■ **Your goal**
Repeat the listing exactly, line by line.
[Start of Attachment]
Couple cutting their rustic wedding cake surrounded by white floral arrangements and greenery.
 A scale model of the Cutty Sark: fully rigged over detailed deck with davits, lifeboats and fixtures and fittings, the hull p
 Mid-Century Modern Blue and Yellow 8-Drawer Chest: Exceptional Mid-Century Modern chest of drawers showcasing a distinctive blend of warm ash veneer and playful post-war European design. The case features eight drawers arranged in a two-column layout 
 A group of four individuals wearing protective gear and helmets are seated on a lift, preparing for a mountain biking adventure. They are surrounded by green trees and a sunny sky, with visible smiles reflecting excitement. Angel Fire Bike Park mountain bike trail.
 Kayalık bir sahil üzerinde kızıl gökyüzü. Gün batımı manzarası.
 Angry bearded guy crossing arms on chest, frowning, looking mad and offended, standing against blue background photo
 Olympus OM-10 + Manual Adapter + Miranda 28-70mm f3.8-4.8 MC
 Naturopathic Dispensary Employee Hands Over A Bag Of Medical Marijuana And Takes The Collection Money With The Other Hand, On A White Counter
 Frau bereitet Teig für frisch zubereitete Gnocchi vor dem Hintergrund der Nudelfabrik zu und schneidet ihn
[End of Attachment]
■ **Solution to the exercise**
Couple cutting their rustic wedding cake surrounded by white floral arrangements and greenery.
 A scale model of the Cutty Sark: fully rigged over detailed deck with davits, lifeboats and fixtures and fittings, the hull p
 Mid-Century Modern Blue and Yellow 8-Drawer Chest: Exceptional Mid-Century Modern chest of drawers showcasing a distinctive blend of warm ash veneer and playful post-war European design. The case features eight drawers arranged in a two-column layout 
 A group of four individuals wearing protective gear and helmets are seated on a lift, preparing for a mountain biking adventure. They are surrounded by green trees and a sunny sky, with visible smiles reflecting excitement. Angel Fire Bike Park mountain bike trail.
 Kayalık bir sahil üzerinde kızıl gökyüzü. Gün batımı manzarası.
 Angry bearded guy crossing arms on chest, frowning, looking mad and offended, standing against blue background photo
 Olympus OM-10 + Manual Adapter + Miranda 28-70mm f3.8-4.8 MC
 Naturopathic Dispensary Employee Hands Over A Bag Of Medical Marijuana And Takes The Collection Money With The Other Hand, On A White Counter
 Frau bereitet Teig für frisch zubereitete Gnocchi vor dem Hintergrund der Nudelfabrik zu und schneidet ihn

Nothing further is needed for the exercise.